The Politically Incorrect Guide to English and American Literature
- Cover of the first edition
- Author: Elizabeth Kantor
- Language: English
- Series: The Politically Incorrect Guide
- Publisher: Regnery Publishing
- Publication date: November 2006
- Publication place: United States
- Media type: Print (hardcover and paperback)
- Pages: 288
- ISBN: 1-59698-011-7

= The Politically Incorrect Guide to English and American Literature =

The Politically Incorrect Guide to English and American Literature is a 2006 book by Elizabeth Kantor. It is the sixth book in Regnery Publishing's Politically Incorrect Guide series.

==Background==
Kantor argues that the study of literature in universities today is distorted by theories - developed in the 1960s at Yale and expanding through the 1970s and 1980s - that are aimed at attacking western civilization and Christianity for their alleged racism and sexism. This critical theory is believed by Kantor to have caused professors to replace the well-established literary canon with politically correct literature such as Margaret Atwood's The Handmaid's Tale (1985), the works of Toni Morrison and Dan Brown, or with theories such as Marxism and Freudianism.

==Summary==
The main body of The Politically Incorrect Guide to English and American Literature, however, is focused upon an overview of the classic canon of English literature extending from Beowulf to Evelyn Waugh. There is another chapter after this discussing American literature from Nathaniel Hawthorne to Flannery O'Connor. Each chapter has:

1. a list of literature the author says serious students "must not miss"
2. boxed tests discussing "What PC professors don't want you to learn from..." (various authors)

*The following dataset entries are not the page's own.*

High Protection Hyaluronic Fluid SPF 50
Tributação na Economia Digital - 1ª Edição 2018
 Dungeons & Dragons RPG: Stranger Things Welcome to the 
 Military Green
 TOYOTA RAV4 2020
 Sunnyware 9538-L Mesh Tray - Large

Along with these are a list of important themes to the classic canon of English literature, together with explanations why politically correct literature professors do not want their students to learn. In the opinion of Kantor, these politically correct professors want to make sure students learn to despise western civilization and Christianity so that they are unable to reconsider the positions they acquire on classic literature after finishing their courses. Kantor believes that this is likely to help accelerate the decline of western civilization and its replacement with a very different culture which she believes will be much worse for everybody.